Caption-style text data -
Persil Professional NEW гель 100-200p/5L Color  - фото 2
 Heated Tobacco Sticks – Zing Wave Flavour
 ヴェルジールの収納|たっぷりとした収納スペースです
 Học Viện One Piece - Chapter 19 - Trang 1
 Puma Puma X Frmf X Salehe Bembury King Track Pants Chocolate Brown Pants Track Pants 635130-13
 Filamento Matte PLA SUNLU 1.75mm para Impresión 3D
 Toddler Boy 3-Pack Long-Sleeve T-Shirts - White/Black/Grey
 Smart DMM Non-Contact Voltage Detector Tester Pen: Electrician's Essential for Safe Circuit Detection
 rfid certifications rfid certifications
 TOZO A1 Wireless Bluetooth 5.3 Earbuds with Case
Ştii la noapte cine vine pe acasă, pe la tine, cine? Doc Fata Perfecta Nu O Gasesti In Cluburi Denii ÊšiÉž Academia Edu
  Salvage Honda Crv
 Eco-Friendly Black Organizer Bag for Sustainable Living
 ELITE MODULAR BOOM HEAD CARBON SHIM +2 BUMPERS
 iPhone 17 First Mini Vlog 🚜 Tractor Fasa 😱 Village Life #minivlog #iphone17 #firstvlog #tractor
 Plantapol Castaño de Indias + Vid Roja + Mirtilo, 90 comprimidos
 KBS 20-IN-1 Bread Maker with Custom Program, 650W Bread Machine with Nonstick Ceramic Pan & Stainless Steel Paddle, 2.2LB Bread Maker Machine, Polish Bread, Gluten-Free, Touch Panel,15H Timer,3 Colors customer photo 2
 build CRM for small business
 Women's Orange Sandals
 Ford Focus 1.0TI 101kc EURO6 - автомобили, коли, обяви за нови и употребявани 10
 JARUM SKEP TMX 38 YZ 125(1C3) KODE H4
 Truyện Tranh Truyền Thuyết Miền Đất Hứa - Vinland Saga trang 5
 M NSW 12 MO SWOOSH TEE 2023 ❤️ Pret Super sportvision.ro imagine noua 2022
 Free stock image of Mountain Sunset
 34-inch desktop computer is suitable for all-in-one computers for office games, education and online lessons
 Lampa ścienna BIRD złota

Exercise description - Among the lines above, find those with the word "Free". Copy them.

Written solution -
 KBS 20-IN-1 Bread Maker with Custom Program, 650W Bread Machine with Nonstick Ceramic Pan & Stainless Steel Paddle, 2.2LB Bread Maker Machine, Polish Bread, Gluten-Free, Touch Panel,15H Timer,3 Colors customer photo 2
 Free stock image of Mountain Sunset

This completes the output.